Caption-style text data

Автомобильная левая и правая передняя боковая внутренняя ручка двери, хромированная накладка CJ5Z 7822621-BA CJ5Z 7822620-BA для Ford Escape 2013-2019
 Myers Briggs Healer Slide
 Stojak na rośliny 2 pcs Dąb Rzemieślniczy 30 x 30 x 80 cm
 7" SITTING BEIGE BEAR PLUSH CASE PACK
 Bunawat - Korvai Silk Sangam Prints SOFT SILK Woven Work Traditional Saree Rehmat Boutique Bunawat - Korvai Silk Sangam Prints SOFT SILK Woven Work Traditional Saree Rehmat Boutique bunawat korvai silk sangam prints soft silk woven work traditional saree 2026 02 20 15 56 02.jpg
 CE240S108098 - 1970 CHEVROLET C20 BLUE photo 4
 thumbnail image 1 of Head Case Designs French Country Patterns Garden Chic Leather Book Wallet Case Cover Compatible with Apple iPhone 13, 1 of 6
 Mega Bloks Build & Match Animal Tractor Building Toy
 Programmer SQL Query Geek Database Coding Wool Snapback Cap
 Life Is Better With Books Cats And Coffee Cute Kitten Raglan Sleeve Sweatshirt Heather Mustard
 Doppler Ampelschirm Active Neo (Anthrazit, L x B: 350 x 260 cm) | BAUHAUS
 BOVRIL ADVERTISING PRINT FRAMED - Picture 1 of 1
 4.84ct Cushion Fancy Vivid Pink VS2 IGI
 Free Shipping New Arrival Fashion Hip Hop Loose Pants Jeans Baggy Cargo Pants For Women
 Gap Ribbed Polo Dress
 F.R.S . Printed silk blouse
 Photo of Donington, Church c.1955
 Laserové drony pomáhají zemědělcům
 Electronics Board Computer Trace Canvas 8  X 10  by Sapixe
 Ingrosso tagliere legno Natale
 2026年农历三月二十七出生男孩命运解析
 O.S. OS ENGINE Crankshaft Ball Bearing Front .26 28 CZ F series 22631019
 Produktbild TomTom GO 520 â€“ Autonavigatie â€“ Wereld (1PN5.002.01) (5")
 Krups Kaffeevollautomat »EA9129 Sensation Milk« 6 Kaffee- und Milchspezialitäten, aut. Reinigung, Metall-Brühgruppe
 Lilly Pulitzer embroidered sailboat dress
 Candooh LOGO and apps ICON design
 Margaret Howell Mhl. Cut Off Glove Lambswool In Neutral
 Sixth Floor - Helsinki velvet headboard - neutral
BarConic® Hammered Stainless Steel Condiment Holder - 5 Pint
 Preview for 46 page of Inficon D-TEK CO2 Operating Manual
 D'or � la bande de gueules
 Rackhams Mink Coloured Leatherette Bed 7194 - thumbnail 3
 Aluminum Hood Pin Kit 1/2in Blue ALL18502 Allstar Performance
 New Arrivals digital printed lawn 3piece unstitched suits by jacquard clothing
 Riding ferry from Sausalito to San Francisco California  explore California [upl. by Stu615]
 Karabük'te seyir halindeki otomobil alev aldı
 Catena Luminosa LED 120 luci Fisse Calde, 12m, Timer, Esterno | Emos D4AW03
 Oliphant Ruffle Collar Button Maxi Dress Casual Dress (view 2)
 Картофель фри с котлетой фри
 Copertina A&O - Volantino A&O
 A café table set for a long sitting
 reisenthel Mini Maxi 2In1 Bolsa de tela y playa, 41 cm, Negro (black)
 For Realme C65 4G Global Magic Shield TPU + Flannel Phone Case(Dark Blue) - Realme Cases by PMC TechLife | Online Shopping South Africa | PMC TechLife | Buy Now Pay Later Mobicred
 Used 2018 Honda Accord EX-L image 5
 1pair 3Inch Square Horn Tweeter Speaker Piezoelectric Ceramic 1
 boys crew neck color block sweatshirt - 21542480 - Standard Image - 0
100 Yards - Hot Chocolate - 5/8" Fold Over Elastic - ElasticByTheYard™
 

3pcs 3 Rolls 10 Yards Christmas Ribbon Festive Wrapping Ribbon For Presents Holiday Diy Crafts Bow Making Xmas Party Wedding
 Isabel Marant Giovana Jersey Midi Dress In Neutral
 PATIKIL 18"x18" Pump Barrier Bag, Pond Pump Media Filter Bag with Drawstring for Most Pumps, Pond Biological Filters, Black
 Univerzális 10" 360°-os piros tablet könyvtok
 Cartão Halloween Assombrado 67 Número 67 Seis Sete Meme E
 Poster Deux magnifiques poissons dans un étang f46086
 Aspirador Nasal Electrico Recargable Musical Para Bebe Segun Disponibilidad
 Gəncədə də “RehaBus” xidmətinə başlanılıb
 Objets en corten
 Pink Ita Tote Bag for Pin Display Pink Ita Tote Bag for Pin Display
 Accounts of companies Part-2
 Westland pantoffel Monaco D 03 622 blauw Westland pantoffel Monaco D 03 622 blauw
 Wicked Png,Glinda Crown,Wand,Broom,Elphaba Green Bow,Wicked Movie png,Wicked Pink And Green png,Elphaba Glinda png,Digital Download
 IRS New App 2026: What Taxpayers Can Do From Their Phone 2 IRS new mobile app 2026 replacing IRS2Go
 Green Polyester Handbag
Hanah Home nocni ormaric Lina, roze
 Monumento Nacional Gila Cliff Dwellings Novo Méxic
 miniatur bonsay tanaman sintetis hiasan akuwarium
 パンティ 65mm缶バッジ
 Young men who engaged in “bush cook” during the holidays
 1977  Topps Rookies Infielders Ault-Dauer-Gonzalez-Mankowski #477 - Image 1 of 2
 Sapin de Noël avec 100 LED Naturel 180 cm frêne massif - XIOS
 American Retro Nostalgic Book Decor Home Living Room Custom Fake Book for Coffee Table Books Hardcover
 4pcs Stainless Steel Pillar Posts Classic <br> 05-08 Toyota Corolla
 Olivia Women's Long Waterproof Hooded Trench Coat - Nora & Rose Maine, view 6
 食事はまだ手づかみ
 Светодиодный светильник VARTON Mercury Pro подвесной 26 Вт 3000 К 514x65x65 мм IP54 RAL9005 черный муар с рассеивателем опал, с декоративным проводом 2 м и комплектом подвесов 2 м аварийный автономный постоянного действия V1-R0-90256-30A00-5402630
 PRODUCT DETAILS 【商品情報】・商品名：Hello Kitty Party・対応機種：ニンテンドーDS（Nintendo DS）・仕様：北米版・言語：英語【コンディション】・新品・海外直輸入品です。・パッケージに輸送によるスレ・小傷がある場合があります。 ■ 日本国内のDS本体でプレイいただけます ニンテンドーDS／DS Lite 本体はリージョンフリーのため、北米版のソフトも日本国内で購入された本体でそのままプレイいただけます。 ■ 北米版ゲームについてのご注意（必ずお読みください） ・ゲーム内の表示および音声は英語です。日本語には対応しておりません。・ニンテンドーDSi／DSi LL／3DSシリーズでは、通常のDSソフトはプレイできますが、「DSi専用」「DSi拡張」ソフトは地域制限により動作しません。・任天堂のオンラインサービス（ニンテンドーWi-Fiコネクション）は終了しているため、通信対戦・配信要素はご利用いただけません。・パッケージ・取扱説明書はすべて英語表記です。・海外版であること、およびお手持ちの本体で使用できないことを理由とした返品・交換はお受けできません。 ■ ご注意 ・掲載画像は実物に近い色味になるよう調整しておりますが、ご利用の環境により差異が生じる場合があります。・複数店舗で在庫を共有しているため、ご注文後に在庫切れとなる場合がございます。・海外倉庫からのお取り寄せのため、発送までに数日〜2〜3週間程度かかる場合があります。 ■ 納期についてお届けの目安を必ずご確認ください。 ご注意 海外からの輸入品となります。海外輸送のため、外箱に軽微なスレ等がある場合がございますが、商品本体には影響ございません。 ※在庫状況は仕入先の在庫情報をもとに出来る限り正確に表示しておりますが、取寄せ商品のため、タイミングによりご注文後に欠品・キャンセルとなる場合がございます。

▸ **The task**: Return a copy of each line in the entries that carries the string "Party".

▸ **Reply to the exercise**:
3pcs 3 Rolls 10 Yards Christmas Ribbon Festive Wrapping Ribbon For Presents Holiday Diy Crafts Bow Making Xmas Party Wedding
 PRODUCT DETAILS 【商品情報】・商品名：Hello Kitty Party・対応機種：ニンテンドーDS（Nintendo DS）・仕様：北米版・言語：英語【コンディション】・新品・海外直輸入品です。・パッケージに輸送によるスレ・小傷がある場合があります。 ■ 日本国内のDS本体でプレイいただけます ニンテンドーDS／DS Lite 本体はリージョンフリーのため、北米版のソフトも日本国内で購入された本体でそのままプレイいただけます。 ■ 北米版ゲームについてのご注意（必ずお読みください） ・ゲーム内の表示および音声は英語です。日本語には対応しておりません。・ニンテンドーDSi／DSi LL／3DSシリーズでは、通常のDSソフトはプレイできますが、「DSi専用」「DSi拡張」ソフトは地域制限により動作しません。・任天堂のオンラインサービス（ニンテンドーWi-Fiコネクション）は終了しているため、通信対戦・配信要素はご利用いただけません。・パッケージ・取扱説明書はすべて英語表記です。・海外版であること、およびお手持ちの本体で使用できないことを理由とした返品・交換はお受けできません。 ■ ご注意 ・掲載画像は実物に近い色味になるよう調整しておりますが、ご利用の環境により差異が生じる場合があります。・複数店舗で在庫を共有しているため、ご注文後に在庫切れとなる場合がございます。・海外倉庫からのお取り寄せのため、発送までに数日〜2〜3週間程度かかる場合があります。 ■ 納期についてお届けの目安を必ずご確認ください。 ご注意 海外からの輸入品となります。海外輸送のため、外箱に軽微なスレ等がある場合がございますが、商品本体には影響ございません。 ※在庫状況は仕入先の在庫情報をもとに出来る限り正確に表示しておりますが、取寄せ商品のため、タイミングによりご注文後に欠品・キャンセルとなる場合がございます。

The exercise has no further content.